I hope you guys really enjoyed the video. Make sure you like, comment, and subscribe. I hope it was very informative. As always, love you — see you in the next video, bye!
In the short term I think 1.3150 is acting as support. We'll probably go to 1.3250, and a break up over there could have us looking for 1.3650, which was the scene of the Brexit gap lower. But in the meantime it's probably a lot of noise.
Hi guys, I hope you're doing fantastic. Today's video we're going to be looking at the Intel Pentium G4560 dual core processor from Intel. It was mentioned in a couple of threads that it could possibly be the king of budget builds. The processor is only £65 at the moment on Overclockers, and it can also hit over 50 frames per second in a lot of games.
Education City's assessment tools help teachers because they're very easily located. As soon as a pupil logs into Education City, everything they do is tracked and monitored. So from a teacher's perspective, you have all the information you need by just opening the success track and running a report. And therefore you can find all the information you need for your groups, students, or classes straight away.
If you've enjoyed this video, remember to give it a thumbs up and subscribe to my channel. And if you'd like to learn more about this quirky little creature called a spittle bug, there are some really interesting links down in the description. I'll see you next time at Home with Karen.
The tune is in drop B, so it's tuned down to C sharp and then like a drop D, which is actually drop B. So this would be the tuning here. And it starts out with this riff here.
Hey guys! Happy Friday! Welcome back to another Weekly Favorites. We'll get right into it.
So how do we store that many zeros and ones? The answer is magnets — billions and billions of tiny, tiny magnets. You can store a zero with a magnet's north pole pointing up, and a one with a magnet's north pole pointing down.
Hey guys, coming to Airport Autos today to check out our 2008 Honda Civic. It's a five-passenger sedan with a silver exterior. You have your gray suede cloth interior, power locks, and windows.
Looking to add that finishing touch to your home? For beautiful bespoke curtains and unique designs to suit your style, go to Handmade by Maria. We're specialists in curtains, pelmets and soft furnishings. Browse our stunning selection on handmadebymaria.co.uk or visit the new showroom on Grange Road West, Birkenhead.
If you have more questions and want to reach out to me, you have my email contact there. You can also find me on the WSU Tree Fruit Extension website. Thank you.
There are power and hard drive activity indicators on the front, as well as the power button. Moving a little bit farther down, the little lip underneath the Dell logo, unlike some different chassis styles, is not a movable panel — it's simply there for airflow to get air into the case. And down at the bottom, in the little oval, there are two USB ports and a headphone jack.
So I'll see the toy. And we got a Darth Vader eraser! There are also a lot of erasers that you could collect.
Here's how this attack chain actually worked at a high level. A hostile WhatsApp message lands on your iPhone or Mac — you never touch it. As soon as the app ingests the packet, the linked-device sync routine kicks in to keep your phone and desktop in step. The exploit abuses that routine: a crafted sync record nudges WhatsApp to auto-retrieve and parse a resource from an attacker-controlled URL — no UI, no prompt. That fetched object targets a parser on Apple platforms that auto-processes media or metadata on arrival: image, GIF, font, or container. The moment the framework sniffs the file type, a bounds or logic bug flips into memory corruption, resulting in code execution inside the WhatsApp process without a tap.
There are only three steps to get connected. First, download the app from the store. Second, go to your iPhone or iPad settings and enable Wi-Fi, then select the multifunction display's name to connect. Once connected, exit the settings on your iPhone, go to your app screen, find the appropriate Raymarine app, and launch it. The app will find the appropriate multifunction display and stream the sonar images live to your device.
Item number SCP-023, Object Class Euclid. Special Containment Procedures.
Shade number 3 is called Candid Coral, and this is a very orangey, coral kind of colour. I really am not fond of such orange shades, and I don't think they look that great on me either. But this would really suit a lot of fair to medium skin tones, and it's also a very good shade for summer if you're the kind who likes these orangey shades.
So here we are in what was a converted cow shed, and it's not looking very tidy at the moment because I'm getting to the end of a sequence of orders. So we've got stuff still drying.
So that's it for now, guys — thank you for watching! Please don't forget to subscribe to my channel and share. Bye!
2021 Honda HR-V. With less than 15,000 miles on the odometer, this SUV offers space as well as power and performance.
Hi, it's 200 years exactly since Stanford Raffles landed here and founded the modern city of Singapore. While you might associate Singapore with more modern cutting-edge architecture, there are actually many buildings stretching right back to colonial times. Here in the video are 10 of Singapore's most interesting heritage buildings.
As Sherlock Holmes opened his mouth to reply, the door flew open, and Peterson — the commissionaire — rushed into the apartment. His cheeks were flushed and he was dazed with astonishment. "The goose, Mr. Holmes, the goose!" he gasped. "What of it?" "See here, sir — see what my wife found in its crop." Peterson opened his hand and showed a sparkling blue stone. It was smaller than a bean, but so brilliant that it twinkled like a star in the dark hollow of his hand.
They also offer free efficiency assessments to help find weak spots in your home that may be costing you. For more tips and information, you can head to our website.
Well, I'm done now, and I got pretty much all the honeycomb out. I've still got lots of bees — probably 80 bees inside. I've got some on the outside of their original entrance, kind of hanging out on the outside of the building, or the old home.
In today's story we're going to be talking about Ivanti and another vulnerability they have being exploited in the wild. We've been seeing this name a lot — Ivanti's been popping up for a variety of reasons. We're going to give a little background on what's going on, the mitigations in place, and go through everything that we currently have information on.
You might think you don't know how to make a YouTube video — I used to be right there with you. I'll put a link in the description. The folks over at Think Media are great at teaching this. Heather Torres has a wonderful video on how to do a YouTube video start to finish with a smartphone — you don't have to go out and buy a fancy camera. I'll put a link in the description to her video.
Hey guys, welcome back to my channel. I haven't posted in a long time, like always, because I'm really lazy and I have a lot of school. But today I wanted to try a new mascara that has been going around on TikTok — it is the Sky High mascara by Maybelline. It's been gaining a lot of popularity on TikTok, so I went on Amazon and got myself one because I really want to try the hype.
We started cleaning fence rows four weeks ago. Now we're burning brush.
□ □ □ □ □ □ □
* Problem: Every line above from the line with "Well, I'm done" to the line with "In today's story", inclusive, must be returned exactly; no other line belongs in the reply.

* Exercise output:
Well, I'm done now, and I got pretty much all the honeycomb out. I've still got lots of bees — probably 80 bees inside. I've got some on the outside of their original entrance, kind of hanging out on the outside of the building, or the old home.
In today's story we're going to be talking about Ivanti and another vulnerability they have being exploited in the wild. We've been seeing this name a lot — Ivanti's been popping up for a variety of reasons. We're going to give a little background on what's going on, the mitigations in place, and go through everything that we currently have information on.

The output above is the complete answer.